I'm large. For me, anyway. At every prenatal appointment with Wyatt, I measured small, he measured small, they were convinced he was going to be Mr. or Ms. Tiny Small (though his 6 lb. 6 oz. birthweight put him on the small side of normal). And, not to be outdone by its older sibling, this baby has also appeared to be on the same course.
Until today. Today I measured right on - which I find fascinating, since up until now I've measured small enough that my doctor has done an ultrasound only to discover the baby is average - which might officially make me the largest pregnant lady I've ever been. And also? I've already gained as much weight as I did during Wyatt's pregnancy and there are 5+ weeks to go, so it can only go up from here, right? That, I have to say, is not too encouraging. I'm sure that last little factoid has nothing to do with my lack of exercise or the constant flow of baked goods through this house.
It's funny how different I feel this time; I never felt unlike myself with Wyatt's pregnancy. You know, just me, but hey! What's that thing making my belly button go flat? This time it's a different story. I feel encumbered. I feel like I'm waddling. I feel like this thing is in the way. I was stretching last night and found myself trying to figure out how to move that lump so I could bend in the direction of my choosing. Yeah, not so much luck with that one.
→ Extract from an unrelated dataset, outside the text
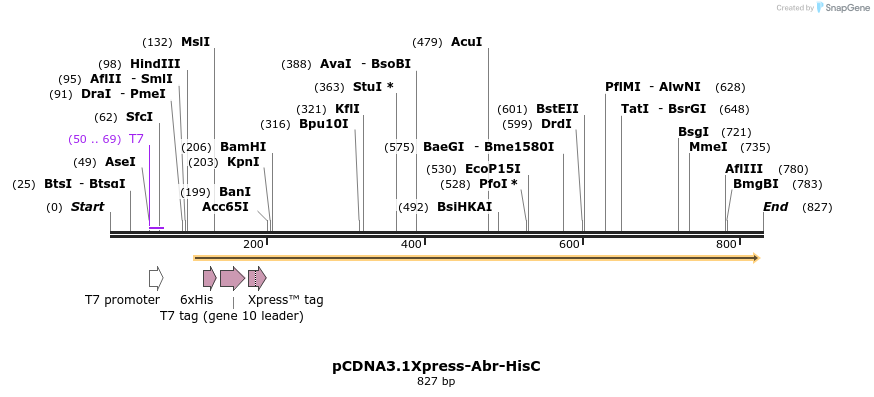 42712_map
I also no longer own enough yardage of clothing. Either my pants are too low or my shirts are too high and all too often I'm feeling a cool breeze across two or three inches of belly. Very attractive to passers-by, I'm sure.
Wyatt has taken to declaring, "hey! There's the baby!" every time he sees my belly. As if either one of us could forget. And I'm running out of lap for story time before bed. As I think back, that might be part of the reason he practically knocked over my sister when she read to him last week - there was just more room and he really enjoyed kicking back in all that space.
I'm not really complaining. This sure beats all the worry and stress of "your baby is really small and you're really small and if you come back in a week and everything looks the same we might induce you and you should have your bag packed and in the car for every appointment from here on out" that we went through with Wyatt. I'm just thinking that we might not be making a mad rush for preemie-sized clothing this go-around. We'll see!